I got a new Raspberry Pi v4 and the official touchscreen. The aim of this is to be able to run FLdigi and WSJT-X1 in a portable setup. Also to stop FLdigi getting hopelessly confused on my main PC – with two sound cards already adding a third sound card as interface for the radio meant portaudio, whatever that is, gets hopelessly confused on Windows and loses touch with the hardware intermittently.
Setting it up was surprisingly painless – blow a new 16Gb SD card with Raspbian, connect screen to the 5V and 0V on the GPIO and the ribbon cable to DSI. Normally you then have to remember to add the empty file ssh to the boot partition with the PC so you can talk to the damn thing, and perhaps wrangle the wireless config if the Pi doesn’t have Ethernet.
With the touchscreen I didn’t need all that. Although I started it up on ethernet, the onboard Bluetooth meant I could connect a Bluetooth keyboard using just the touchscreen, and then set up the wifi in the usual way. The touchscreen needs a reasonably firm press, this is no responsive smartphone screen, and being so small it is sometimes hard to get the right target, even with a conductive stylus, particularly as I set the font size a little smaller to use the screen area more.
It came up first time, the keyboard connected easily using just the touchscreen, which prompted entering a six-digit number on the keyboard to pair it.The screen starts upside down in the frame but this is easily fixable with
sudo nano /boot/config.txt to add the line
lcd_rotate=2
The Raspberry Pi official touchscreen is low resolution 800×480
and a lot of software just can’t believe you are running it on such a small screen, so the software window doesn’t get small enough to fit on the screen. The bottom and often the right is cut off. I thought this was a showstopper until I discovered the Alt-Space command, which can be followed by M to let you move the window with the touchscreen to see the otherwise inaccessible parts, which usually include the OK and Save Config buttons.
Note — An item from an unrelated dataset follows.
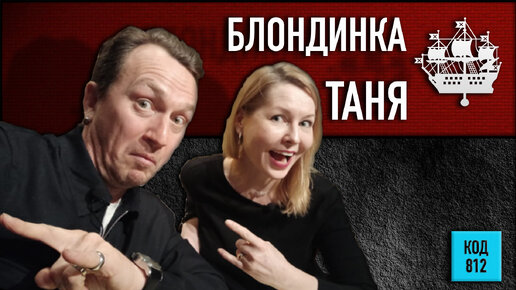Ведущие популярного радийного "1+1 шоу" выходят офлайн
It’s not the most convenient way of using a program, but it gets the job done. At home I can use RDP into the box to get a bigger screen on my PC. The various tricks to remap the screen size in /boot/config.txt like
# uncomment to force a console size. By default it will be display's size minus
# overscan.
framebuffer_width=1024
framebuffer_height=614
don’t work on the Pi4 with Buster.
The main gotcha is that the raspbian menu bar pushes programs down by the width of the menu bar, which meant I couldn’t see the operational controls at the bottom of FLdigi. Under settings appearance setting the bar to medium and at the bottom of the screen meant it got out of the way when I was using FLDigi. For WSJT-X you just have to suck it up and move the program window up and to the left using Alt-Space-M
I installed the version of FLdigi from the Raspbian repository, but this is quite an old version, 4.1.01, it’s up to 4.1.13 at the time of writing, so I will probably uninstall this and compile. I needed to install pavucontrol from the repository and reboot the machine for it to actually recognise the USB audio interface, but after that it all worked fine. A USB serial connector for CAT (computer aided tuning) also appeared after rebooting. The USB sockets on the Pi are close together
which means you don’t get to use all of them if the USB plug has a dongle
or is thicker than normal.
With just a touch screen and keyboard you have no way of doing a right mouse click. So far that hasn’t caused me grief.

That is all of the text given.